One was Dwayne Fitzen, a motorcycle gang member and cocaine dealer convicted in Idaho and sentenced to 24 years in prison back in 1992. Last fall, the feds put Fitzen on a bus in Waseca, Minn., bound for the federal prison in Lompoc, Calif. Fitzen got on the bus on Sept. 14, but didn’t arrive as scheduled at the minimum-security Lompoc lock-up two days later. He was last seen in Las Vegas, where he withdrew $12,000 from a bank account and disappeared. A press release from the U.S. Marshals Service says the 55-year-old dealer, known as “Shadow,” is “considered armed and dangerous,” and U.S. Marshals have “made the apprehension of this fugitive a top priority.”
The San Diego newspaper reported that eight prisoners bound for San Diego alone have escaped during their Greyhound rides since 1996. That’s when federal prison officials started the bus-transfer program as a money-saving move. It releases prisoners who are being transferred to low-security facilities on a furlough for their bus ride, after they sign a letter promising they won’t try to escape, according to the Union-Tribune’s report. The feds call the program “voluntary surrenders.” But when the San Diego newspaper’s reporters checked with Greyhound, the bus line’s spokeswoman said Greyhound had never been told that it was carrying unescorted prisoners alongside its regular passengers. “If this is happening, we are going to ask that it stop,” spokeswoman Kim Plaskett told the newspaper.

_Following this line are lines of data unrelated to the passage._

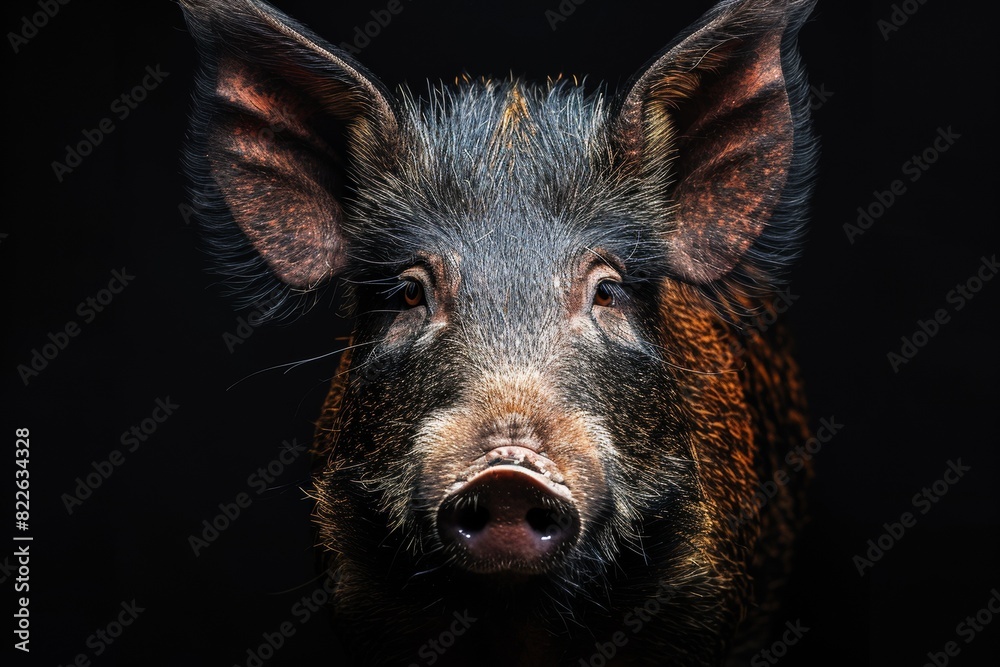 Mystic portrait of Indian Wild Boar studio, copy space on right side, Anger, Menacing, Headshot, Close-up View Isolated on black background Mystic portrait of Indian Wild Boar studio, copy space on right side, Anger, Menacing, Headshot, Close-up View Isolated on black background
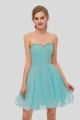 Elegant Short Mini A Line Sweetheart Crystal Beaded Turquoise Chiffon Prom Cocktail Dress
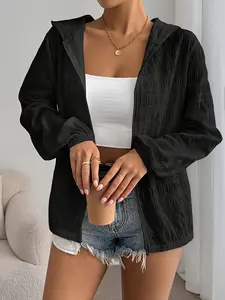 Summer New Fashion Casual Basic Elegant Solid Color Sun Protection Jacket Coats, Stylish Lightweight Outerwear for Women, Lady, Womenswear, Perfect for Daily Wear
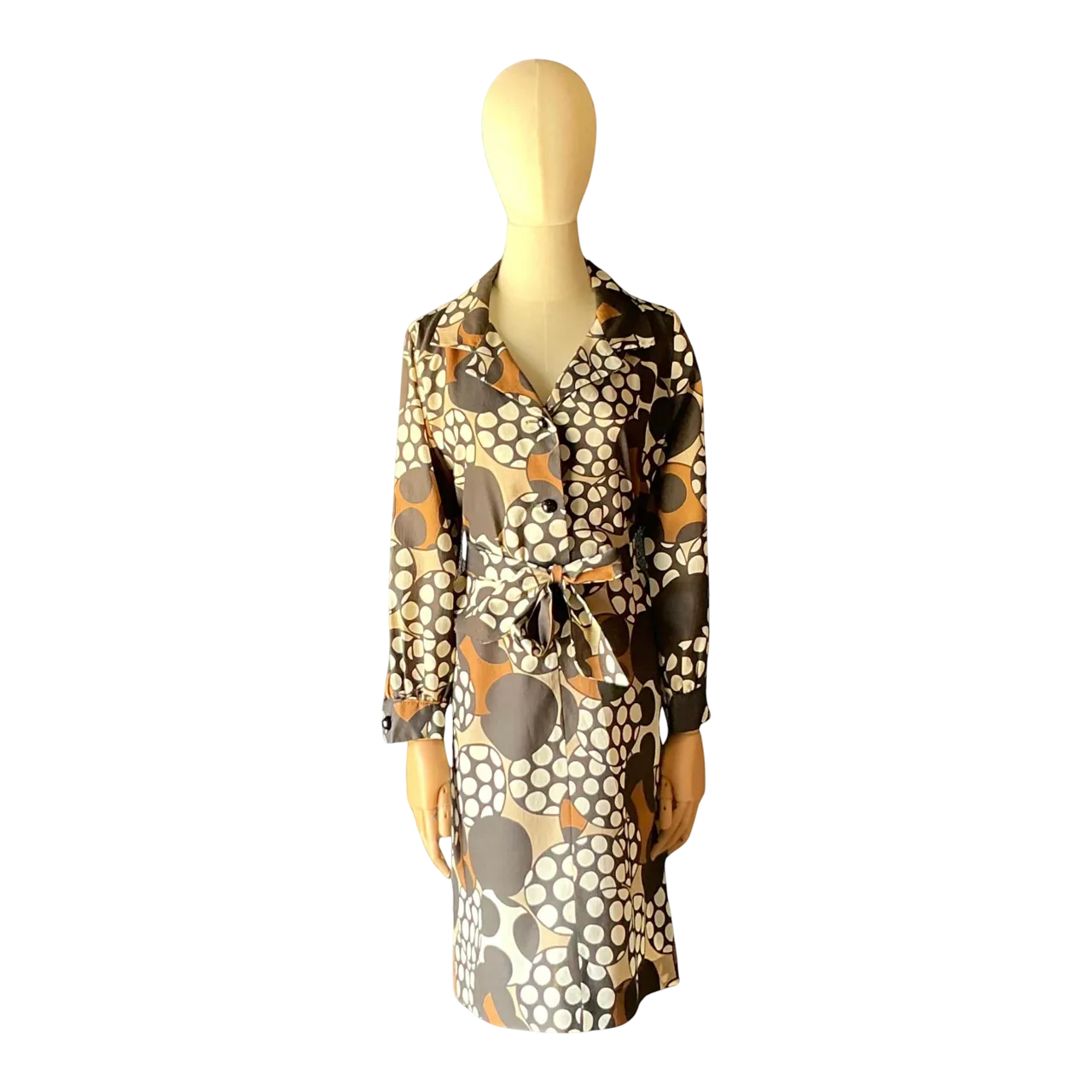 Vintage Brown & White Patterned Dress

Federal prosecutor Monte Stiles, who prosecuted Fitzen in Idaho, told the Union-Tribune, “When I first heard it, I couldn’t believe it. I thought it was a joke.”
The San Diego newspaper reported that Federal Bureau of Prisons officials wouldn’t say how many of their convicts have escaped during bus transfers, but the paper documented “dozens” who are still at large.